Language arts teacher Moise Jonas, of Petion-ville Haiti, who is marketing the paintings, said more than 300 Haitians would benefit if all of the paintings were sold. He added that some of the artists worked in makeshift studios. A few had to dry their paintings on rooftops after the devastating earthquake killed 220,000 people and injured a further 300,000 people on January 12, 2010. Jonas said one artist Chavet Kavenaght, 65, suffered vision loss after the earthquake but was still continuing to paint despite the odds. “He is one of the best artists in Haiti and he is old. His eyes went bad after the earthquake. Now he cannot see to do what he once did,” Jonas said.
He added that the artists could not afford to work with oil paint so many chose to do abstract compositions, landscape, portraits and still life paintings using acrylic paints. “Getting the materials is difficult but we have a friend in Canada who helps us. Since the earthquake people lost many of their possessions,” Jonas aid. He explained that the poverty and depression in Haiti was fuelling an explosion of creativity.
“People feel at peace when they paint. They get into art because their mother and father are artists. Many people have this talent. Haiti has a lot of creative people,” Jonas said. He said there were misconceptions about the beauty of Haiti but some of the artists including Rufino Fabio, and Petitzil Michelet had captured the landscape beauty of areas such as Delmas, Kenskoff and downtown Port-au-Prince. Jonas said he would be in T&T until Tuesday.

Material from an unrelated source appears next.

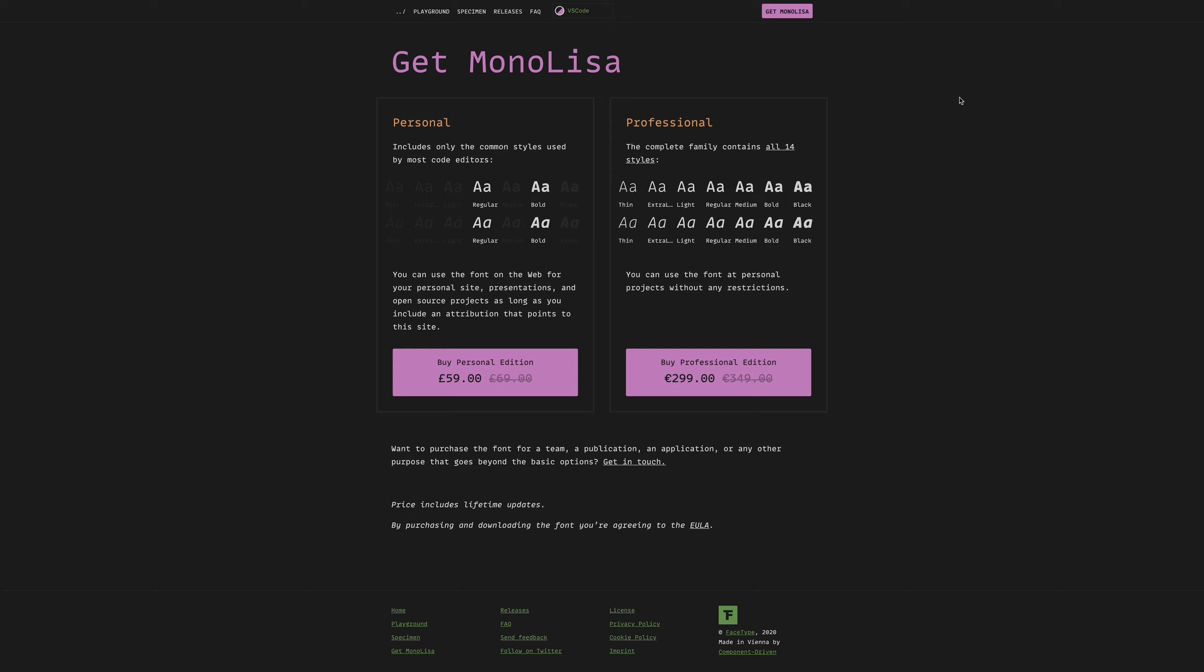Alternatively, if you wanted the complete family, perhaps you're going to use this in a more professional sense, across numerous different applications or use cases, then of course you can look at the professional edition, which is €299. This costs a substantial amount more, but of course you're getting all of the font styles. Personally, I would just buy the personal edition and use the Mono Lisa regular inside of your editor if you're interested in this font.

Anyone wanting to make purchases can contact Jonas at 704-2471.
HAITI BEFORE THE EARTHQUAKE
• Haiti was 145th of 169 countries in the UN Human Development Index, which is the lowest in the Western Hemisphere.
• More than 70 per cent of people in Haiti were living on less than $US2 per day.

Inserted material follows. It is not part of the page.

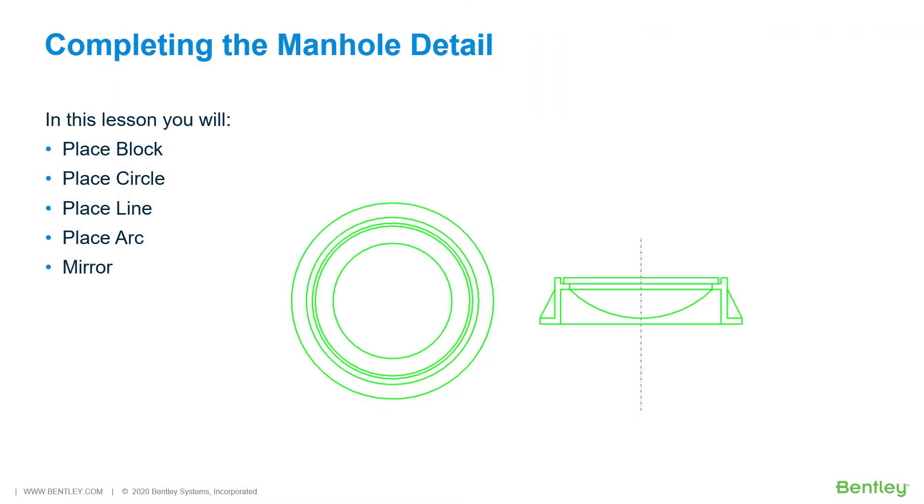Completing the manhole detail. In the previous lesson, construction of a manhole detail began. New tools and snaps were introduced to assist in creating this geometry accurately and efficiently. In this lesson, you will learn several new placement and manipulation commands to help complete the manhole frame and cover detail.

• 86 per cent of people in Port-au-Prince were living in slum conditions—mostly tightly-packed, poorly-built, concrete buildings.
• 80 per cent of education in Haiti was provided in often poor-quality private schools, the state system generally provided better education but provided far too few places.
• Half of people in Port-au-Prince had no access to latrines and only one-third has access to tap water.
IMPACT OF THE 12 JANUARY EARTHQUAKE
I• 7.0 Magnitude quake struck near Port au Prince
• 3,500,000 people were affected by the quake
• 220,000 people estimated to have died
• 300,000+ people were injured
• Over 188,383 houses were badly damaged and 105,000 were destroyed by the earthquake (293,383 in total), 1.5 million people became homeless
• After the quake there were 19 million cubic metres of rubble and debris in Port au Prince—enough to fill a line of shipping containers stretching end to end from London to Beirut.
• 4,000 schools were damaged or destroyed
• 25 per cent of civil servants in Port au Prince died
• 60 per cent of Government and administrative buildings, 80 per cent of schools in Port-au-Prince and 60 per cent of schools in the South and West Departments were destroyed or damaged
• Over 600,000 people left their home area in Port-au-Prince and mostly stayed with host families
• At its peak, one and a half million people were living in camps including over 100,000 at critical risk from storms and flooding
• Unrelated to the earthquake but causing aid response challenges was the outbreak of cholera in October 2010. By July 2011 5,899 had died as a result of the outbreak, and 216,000 were infected.